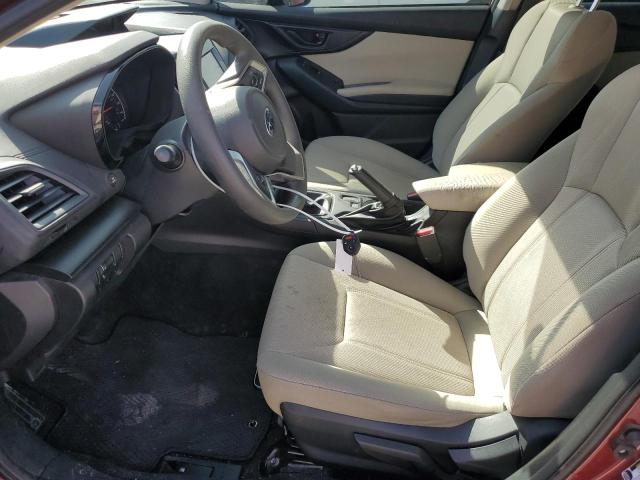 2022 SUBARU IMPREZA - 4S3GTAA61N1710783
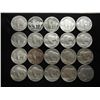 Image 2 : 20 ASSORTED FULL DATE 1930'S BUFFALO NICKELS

==

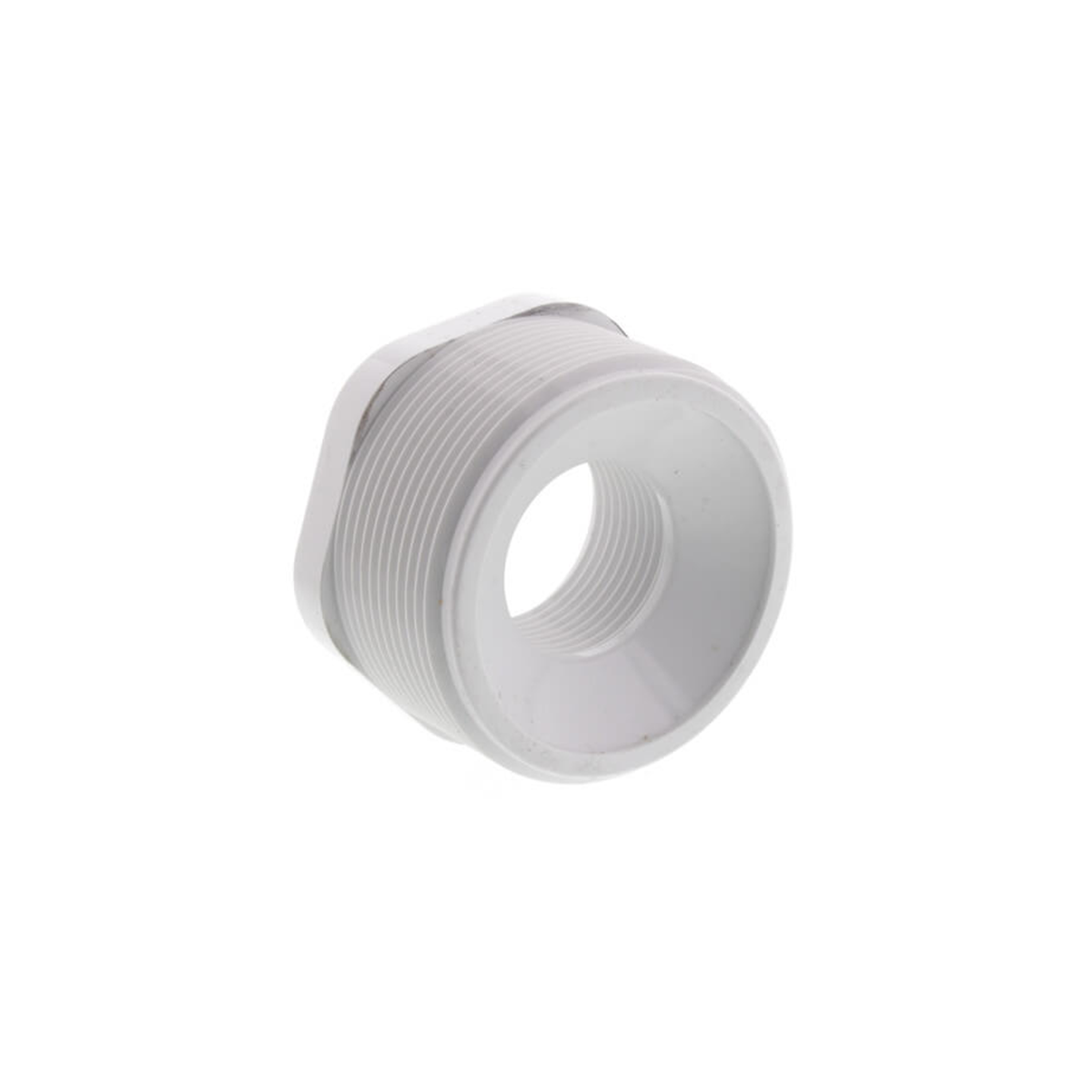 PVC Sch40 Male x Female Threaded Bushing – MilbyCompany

**Exercise brief**
From the records above, transcribe exactly the lines starting at the one containing "2022 SUBARU IMPREZA - 4S3GTAA61N1710783" and ending at the one containing "Image 2 : 20". Skip the pictures.

**Output of the task**
 2022 SUBARU IMPREZA - 4S3GTAA61N1710783
 Image 2 : 20 ASSORTED FULL DATE 1930'S BUFFALO NICKELS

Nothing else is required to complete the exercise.